A Study of ARRY-520 in Patients With Relapsed or Refractory Multiple Myeloma

Key Inclusion Criteria (Part 3): * Patients should have received at least two prior treatment regimens. * Confirmed refractory MM (measurable disease) or PCL. Patients must be refractory to treatment with both lenalidomide/dexamethasone and bortezomib/dexamethasone (or to treatment with bortezomib/lenalidomide/dexamethasone), defined as documented progressive disease on therapy or within 60 days of completing treatment with these regimens. * Previously received adequate alkylator therapy. * Eastern Cooperative Oncology Group (ECOG) performance status (PS) of 0 or 1. * Adequate hematology laboratory values without transfusion support within 2 weeks of screening. * Adequate liver and renal function. * Additional criteria exist.

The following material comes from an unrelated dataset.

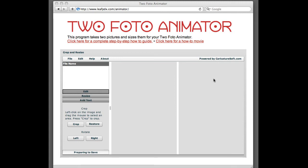Hi, this video is a quick how-to to show you the Two Photo Animator software, and how you can take any two photos and turn them into a movie for the Two Photo Animator.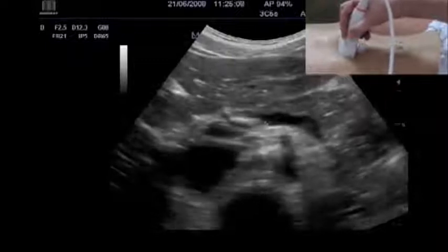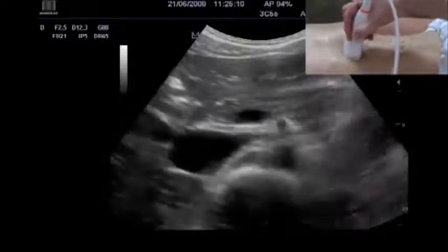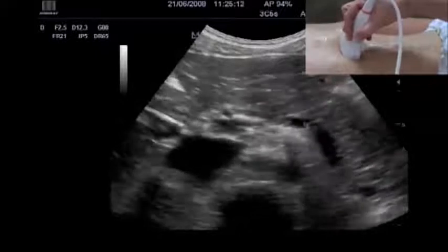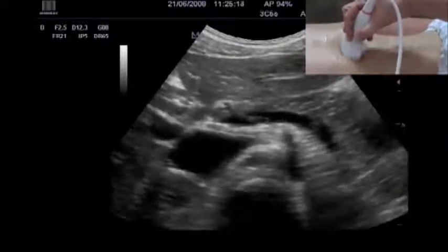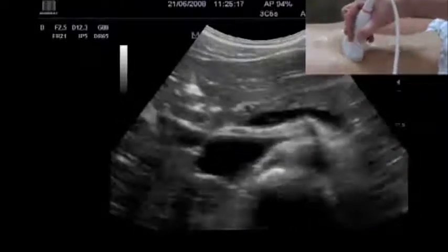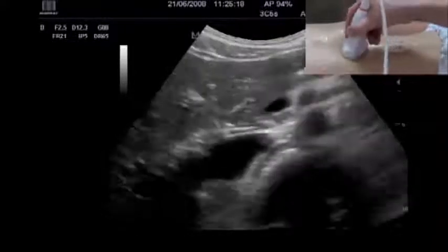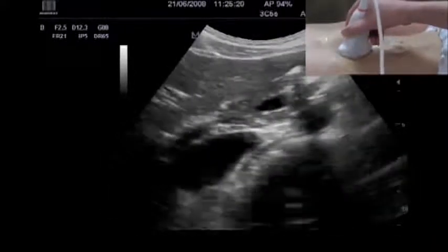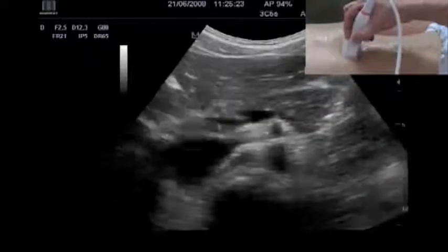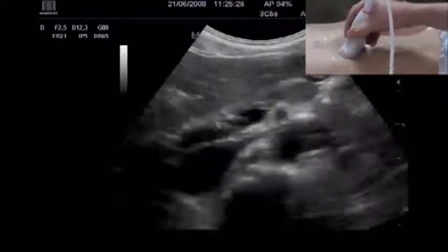When we move a little bit more caudally with the transducer, we see here a vein. This is the splenic vein, which will join together with the superior mesenteric vein to form the portal vein.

Key Exclusion Criteria (Part 3): * Primary amyloidosis. * Concomitant malignancies or previous malignancies with less than a 3-year disease free interval at the time of enrollment (patients with adequately resected basal or squamous cell carcinoma of the skin, carcinoma in situ of the cervix or Stage A low grade prostate cancer may enroll irrespective of the time of diagnosis). * Autologous or allogeneic stem cell or bone marrow transplant within 3 months prior to first dose of study drug. * Cytotoxic therapy or monoclonal antibodies within 21 days prior to first dose of study drug. * Radiotherapy within 21 days prior to first dose of study drug (if the radiation portal covered ≤ 5% of the bone marrow reserve, the patient may be enrolled irrespective of the end date of radiotherapy). * Corticosteroid doses \> 10 mg/day of prednisone or equivalent within 2 weeks prior to first dose of study drug. * Known positive serology for the human immunodeficiency virus (HIV), hepatitis B and/or active hepatitis C. * Additional criteria exist.